Time to say 'sayonara' to the tiny, exhilarating sports car

By Lawrence Ulrich Oct 7, 2009 7:16AM
I'm headed to JFK airport today, with just enough time for a special detour: one last, hair-mussing blast in the Honda S2000.

           

The final S2000 convertible rolled off the assembly line about a month ago. And though it might sound strange to get all nostalgic about a car that’s been around for only 10 years, Honda’s sweet little 2-seater deserves an 8,000-rpm salute for the pure pleasures it delivered over that decade. (In fact, imagine this: Owners of the earliest models get a 9,000-rpm salute thanks to the frenetic Cuisinart of a 4-cylinder engine that spun to redline heights unmatched by any production car, then or since.)


Honda first hinted at this roadster with the Sport Study Model, or SSM, at the Tokyo Motor Show in 1995. The S2000 finally went on sale here in 1999 as a 2000 model-year car, which was just in time for Honda’s 50th anniversary. The S2000 was the company’s first sports car since its dinky S500, S600 and S800 roadsters of the '60s.

            

From the beginning, the S2000 was special: a lightweight roadster with a minimalist, Formula-style cockpit, a gymnast’s balance, a jaunty red “start” button (now emulated by dozens of cars) and, especially, that engine -- the world’s most powerful naturally aspirated 4-cylinder, squeezing a monumental 240 horsepower from a mere 2 liters of displacement. For Honda, already respected as the industry’s small-engine king, this engine was its jewel, a testament to engineering skill.

           

The S2000 was naturally a niche model, with just 63,855 copies sold here over a decade. But sales had begun to wane, and Honda said that, given the slump in both the economy and sports car sales, the time had come:


“It became clear that the S2000 had run its course,” Chris Naughton, a Honda spokesman, told me.

       

Like some other future-collectible roadsters -- the Mazda Miata and the Porsche Boxster being two -- the Honda reminded us that cars don’t have to have fusion reactors under their hood to be mad fun. When I turned my electric-blue S2000 loose this week for memorable gallops up the Hudson River Valley in New York, the Honda still felt more vital, more fused to the road and my brain’s own hard wiring, than many cars with 400 or 500 horsepower.

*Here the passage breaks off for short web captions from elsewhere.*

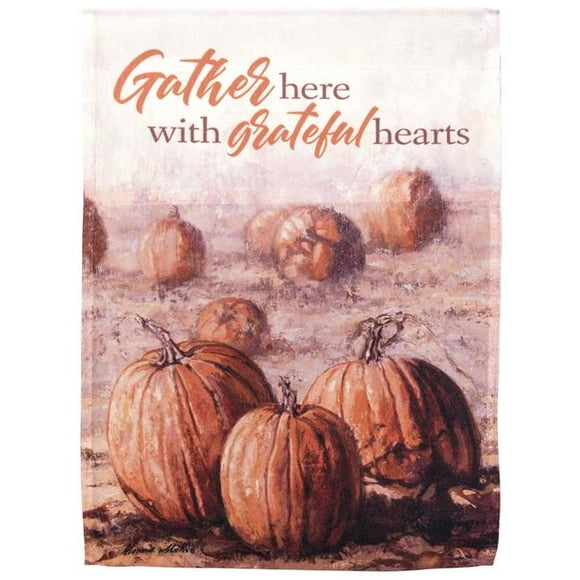 Magnolia Gardens M080166 13 x 18 in. Gather Here with Grateful Garden Flag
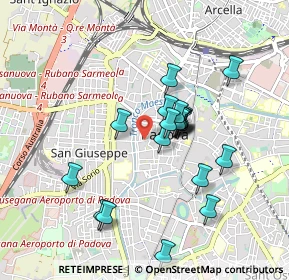 Mappa Via dei Tadi, 35139 Padova PD, Italia (0.772)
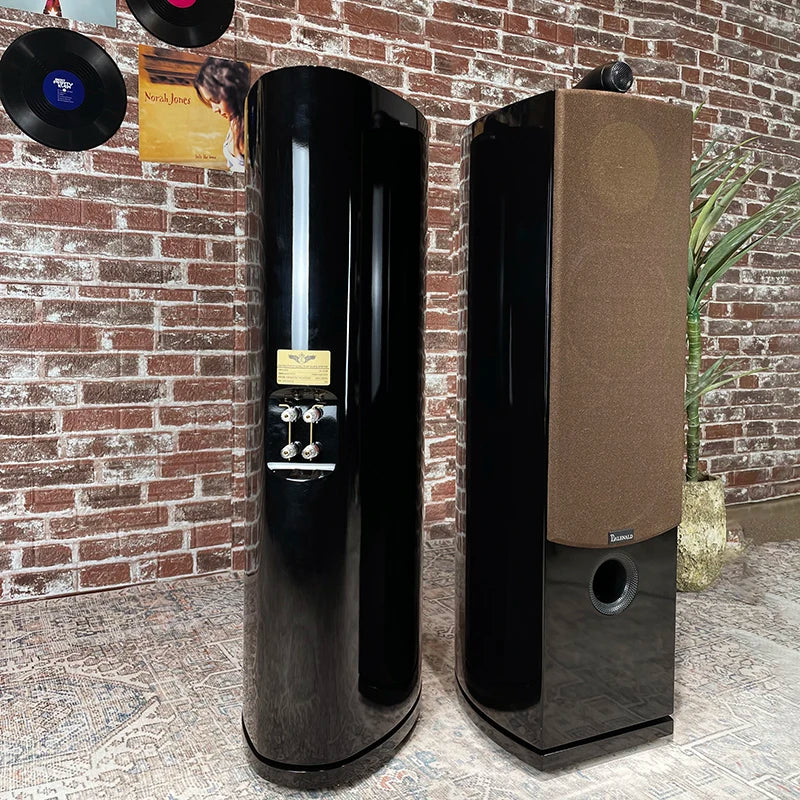 Balenald Home Theater System BA-9 Three-Way Speakers Dual 8-Inch Audiophile-Grade Passive Floor-Standing HIFI Nautilus Speakers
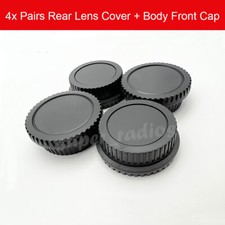 4 x Pairs Rear Lens Cover  Camera Body Front Cap for Canon EOS EF DSLR SLR Lens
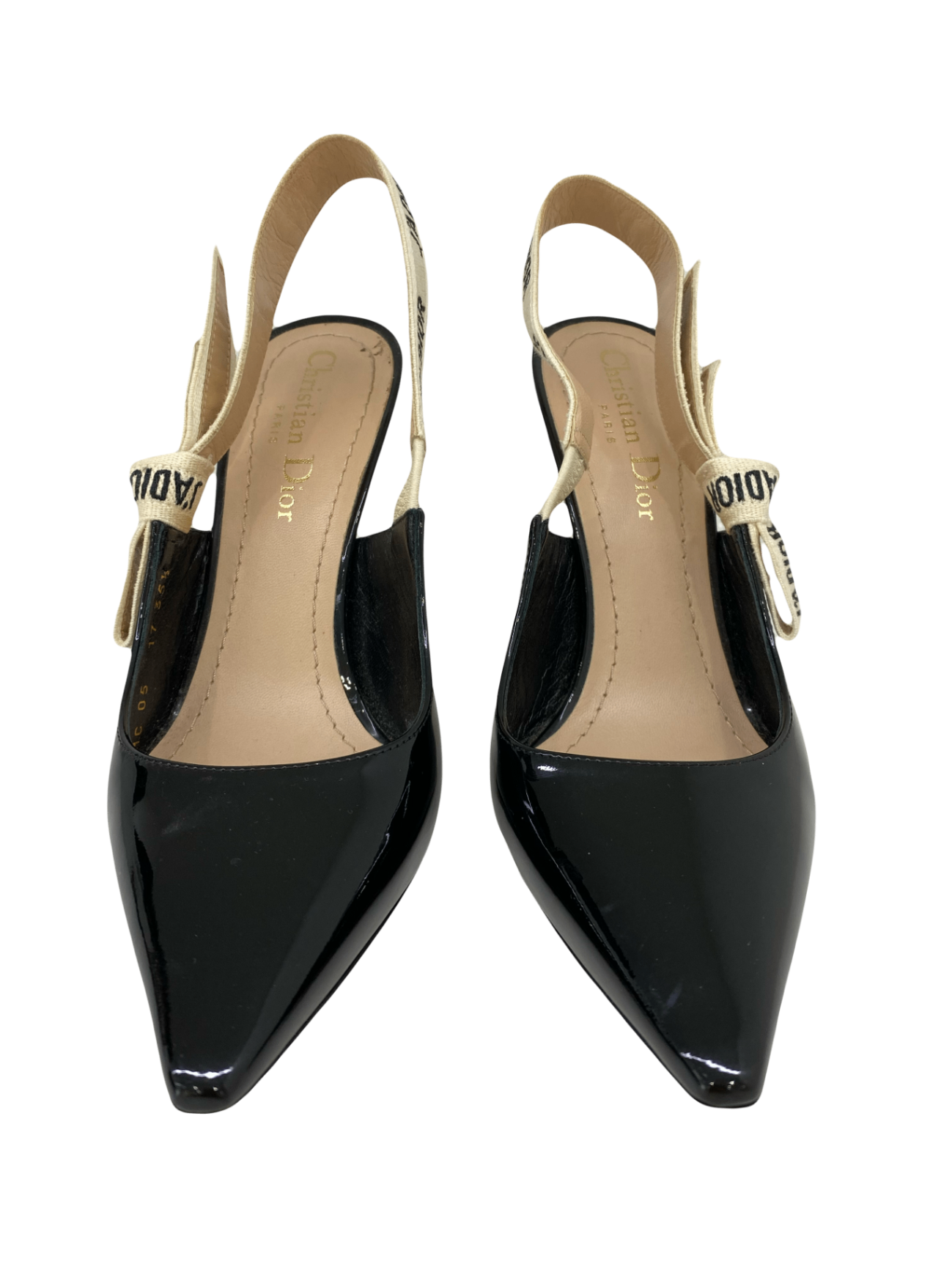 Dior J'Adior Slingback Pump Patent Black Size 35.5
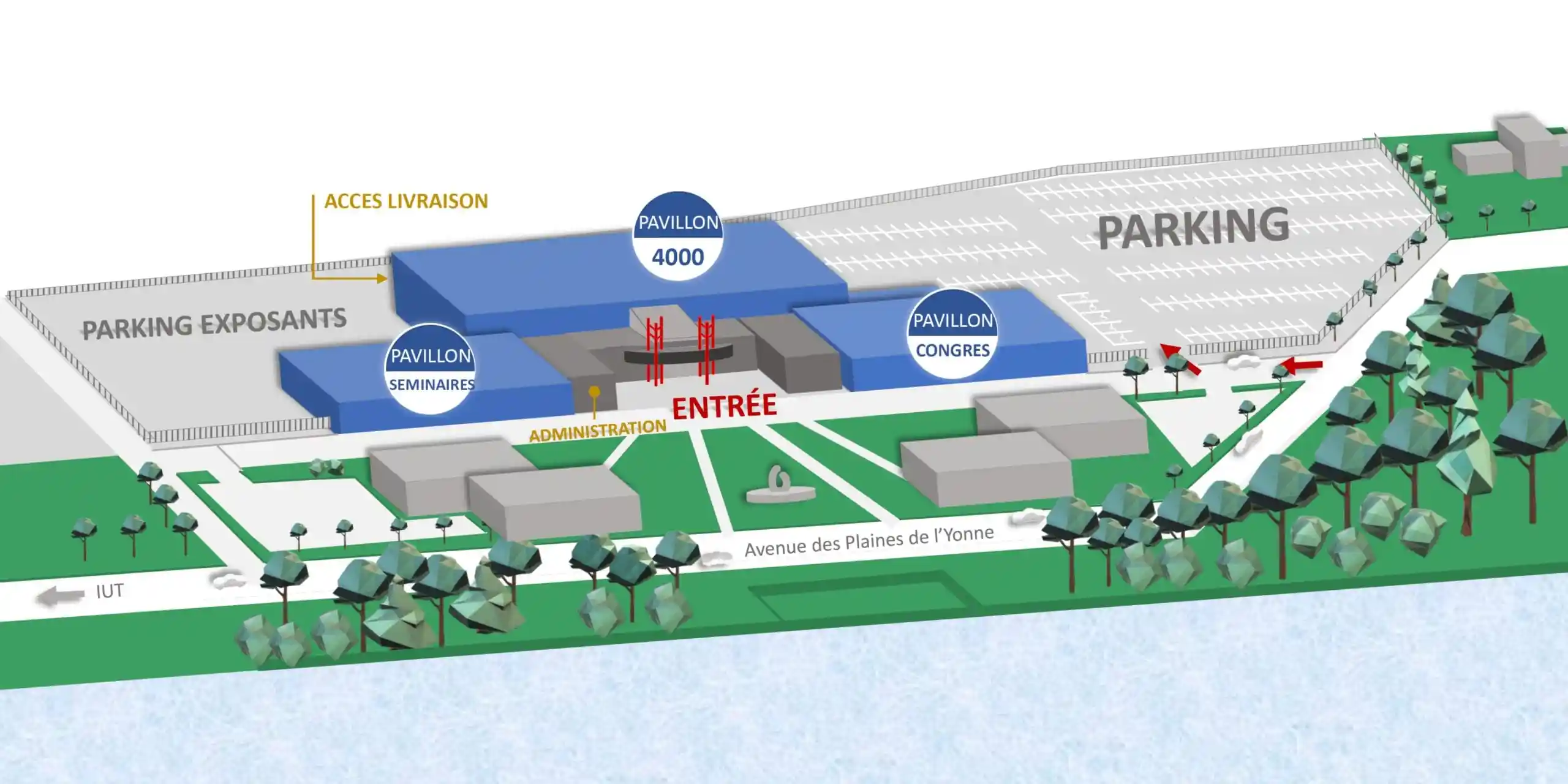 Plan 3D Auxerrexpo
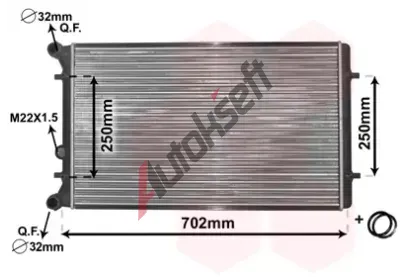 VAN WEZEL Chladi vody VAW 03002155, 03002155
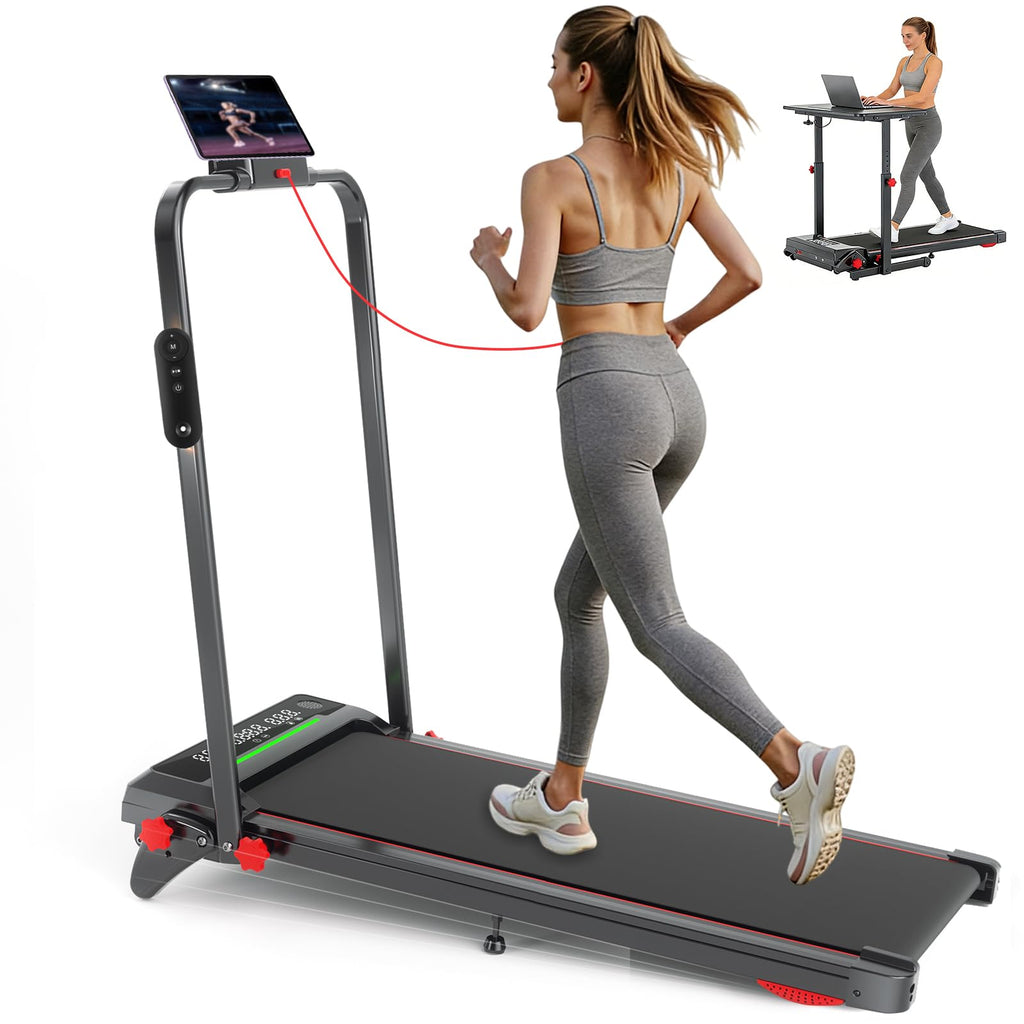 Foldable Treadmill with Incline and Handle Bar J77660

The Honda’s funeral leaves the carmaker with no sports car in its lineup. The carmaker will introduce the “sporty” CR-Z hybrid next year, but that’s hardly a replacement. And Toyota long ago ditched its once-trusty Supras and Celicas to concentrate on building the world’s most boring (yet unbreakable) cars instead. Toyota has its own affordable sports car in the works, which may revive the Celica or Supra name, and has been tinkering with a Lexus supercar for years, but neither one seems a done deal, considering the current sales climate.

           

So it’s RIP for the S2000. You were fast and furious, my friend. And you will be missed.